Das mag naiv klingen, ich weiß.
Und natürlich weiß ich auch, dass es religiösen Fundamentalismus gibt,
der sich von so naiven Reden nicht beeindrucken lassen wird.
Es gibt religiös geschürten Hass,
der vor keiner Brutalität zurückschreckt.
Christen, das ist leider wahr,
gehören heute zu der am meisten verfolgten Religion auf der Erde.
Und es gab Zeiten, da waren es nun gerade die Christen,
die besonders grausam um die Welt gezogen sind.

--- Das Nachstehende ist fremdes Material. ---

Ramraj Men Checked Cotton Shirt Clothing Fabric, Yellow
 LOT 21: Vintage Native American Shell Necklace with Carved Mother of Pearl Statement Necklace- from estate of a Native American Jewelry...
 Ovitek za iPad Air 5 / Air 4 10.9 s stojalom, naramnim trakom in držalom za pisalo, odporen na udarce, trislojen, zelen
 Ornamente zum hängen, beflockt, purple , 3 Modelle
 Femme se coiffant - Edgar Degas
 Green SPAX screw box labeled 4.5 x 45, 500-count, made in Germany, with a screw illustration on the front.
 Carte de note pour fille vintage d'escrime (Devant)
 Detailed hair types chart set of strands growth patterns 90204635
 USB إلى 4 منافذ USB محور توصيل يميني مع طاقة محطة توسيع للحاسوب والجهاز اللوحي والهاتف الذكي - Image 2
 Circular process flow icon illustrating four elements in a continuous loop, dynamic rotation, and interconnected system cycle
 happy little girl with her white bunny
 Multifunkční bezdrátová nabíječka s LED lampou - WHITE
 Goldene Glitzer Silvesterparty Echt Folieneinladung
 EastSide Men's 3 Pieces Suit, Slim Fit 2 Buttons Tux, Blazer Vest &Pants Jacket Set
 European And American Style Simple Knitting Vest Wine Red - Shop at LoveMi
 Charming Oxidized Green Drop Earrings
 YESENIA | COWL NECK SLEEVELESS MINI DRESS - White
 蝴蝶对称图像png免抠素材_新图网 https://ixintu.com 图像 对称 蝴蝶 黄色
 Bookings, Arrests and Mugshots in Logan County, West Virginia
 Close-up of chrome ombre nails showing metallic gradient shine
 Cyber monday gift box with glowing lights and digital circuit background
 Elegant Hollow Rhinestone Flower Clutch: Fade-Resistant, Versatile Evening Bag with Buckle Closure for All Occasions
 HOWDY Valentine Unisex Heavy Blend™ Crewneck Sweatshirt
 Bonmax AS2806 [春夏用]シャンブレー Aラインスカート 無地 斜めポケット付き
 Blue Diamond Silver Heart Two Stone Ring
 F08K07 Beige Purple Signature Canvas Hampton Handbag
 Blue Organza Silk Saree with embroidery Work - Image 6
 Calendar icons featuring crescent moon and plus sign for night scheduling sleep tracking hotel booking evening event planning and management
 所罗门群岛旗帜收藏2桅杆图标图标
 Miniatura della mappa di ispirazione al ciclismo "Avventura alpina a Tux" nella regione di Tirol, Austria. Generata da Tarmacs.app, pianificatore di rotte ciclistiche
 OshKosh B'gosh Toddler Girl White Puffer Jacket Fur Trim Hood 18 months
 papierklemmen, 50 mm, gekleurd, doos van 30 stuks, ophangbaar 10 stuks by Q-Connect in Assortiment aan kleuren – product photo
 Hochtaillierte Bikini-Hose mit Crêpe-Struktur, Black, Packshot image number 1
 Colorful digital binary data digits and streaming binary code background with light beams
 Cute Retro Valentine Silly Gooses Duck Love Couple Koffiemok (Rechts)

Aber Aufrechnen hilft niemandem.

Den Hass des Islamismus werden wir nicht überwinden,
wenn wir alle Muslime dafür in Sippenhaft nehmen.
Wenn wir uns kulturell und religiös überlegen fühlen,
wird nichts besser.
Die Religion darf niemals die Mauer sein, die Menschen trennt.
Wer eine solche Mauer bauen will,
darf jedenfalls nicht Christus seinen Grundstein nennen.
Die Wohnung Gottes im Geist, von der der Epheserbrief schreibt,
hat mehr Zimmer als wir meinen.
Amen.

Und der Friede Gottes, der höher ist als all‘ unsere Vernunft, bewahre Eure Herzen und Sinne in Christus Jesus. Amen.